The package also includes bipartisan sweeteners, including the FEND Off Fentanyl Act, which would target, sanction and block the financial assets of people involved in the fentanyl supply chain, from chemical suppliers in China to drug traffickers from Mexico. The anti-fentanyl bill is authored by the leaders of the Senate Banking Committee, Tim Scott, R-S.C., and Sherrod Brown, D-Ohio, and it has support from 67 senators.
Right-leaning Senate Republicans have blasted the deal for not going far enough. The bill may also lose support from some progressives and Hispanic Caucus members, who worry that Democrats are conceding too much and complain that they’ve been shut out of negotiations.

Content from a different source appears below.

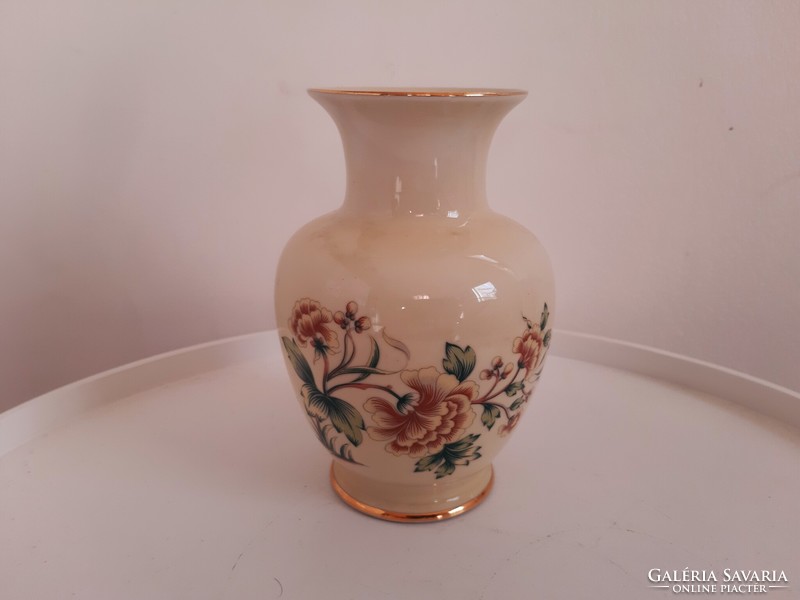 Butter colored vase with Raven House flower pattern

“Every time it gets to this immigration stuff, regardless of who the president is, they always err on the side of being stricter,” said Rep. Raúl Grijalva, D-Ariz., a member of the Hispanic Caucus and a former leader of the Progressive Caucus. “A lot of Democrats are going to be in a tough spot when that comes over, and if the Republicans here don’t support it, it’s never going to see the light of day.”
Sen. Alex Padilla, D-Calif., said that the deal “misses the mark,” in part because it “fails to provide relief for Dreamers, farm workers, and the other undocumented long-term residents of our country who contribute billions to our economy, work in essential jobs, and make America stronger.”
Prospects in the House
The package could face long odds in the House. In his maiden floor speech last week, entirely focused on border security, Speaker Mike Johnson, R-La., slammed the emerging Senate legislation for not going far enough to stop illegal immigration: This “so-called deal does not include these transformational policy changes that are needed to actually stop the border catastrophe,” he said.

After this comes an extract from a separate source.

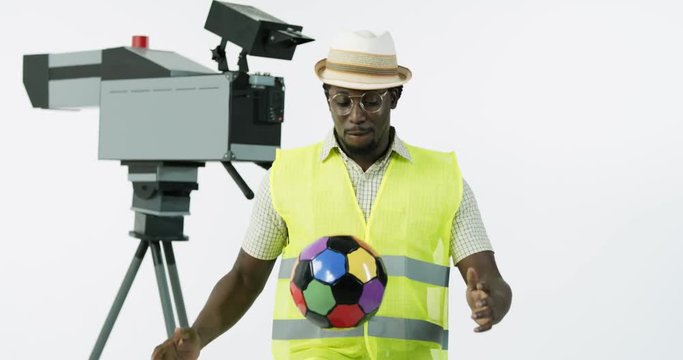 Video operator dancing with a ball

House Majority Leader Steve Scalise, R-La., was more emphatic on X. “Let me be clear: The Senate Border Bill will NOT receive a vote in the House,” he wrote, before repeating an inaccurate GOP talking point that the bill would allow 5,000 people to cross illegally into the U.S. every day.
Johnson announced Saturday that the House will vote in the week ahead on a stand-alone Israel aid bill, without any border provisions or Ukraine funding.
Sen. Markwayne Mullin, R-Okla., who served in the House with Johnson and discussed the Senate border deal with him last week, conceded that it’s a politically tricky issue for Republicans to touch during an election year and that it most likely doesn’t have backing from a majority of the 219-member House GOP conference.
“Here’s the issue that the speaker has: He can’t bring a bill to the floor without the majority of the majority. At this point, it’s very tough to say that the House has a majority of the majority to bring it to the floor,” Mullin told reporters after meeting with Johnson. “You have a lot of people up for re-election, and the perception of the American people is that it’s bad. So it’s really hard to get ahead of that.”
There are other challenges in the House, as well. As Johnson faces pressure from his right flank, House Republicans are readying a floor vote to impeach Homeland Security Secretary Alejandro Mayorkas, one of several administration officials who met with senators as they crafted the new immigration deal. House Republicans are accusing him and Biden of failing to enforce immigration laws and secure the southern border.
“No president in the history of our county has ever done more to intentionally harm the United States than what the president has done with the border invasion,” said Rep. Bob Good, R-Va., the leader of the far-right Freedom Caucus, whose members have aggressively pushed for impeachment.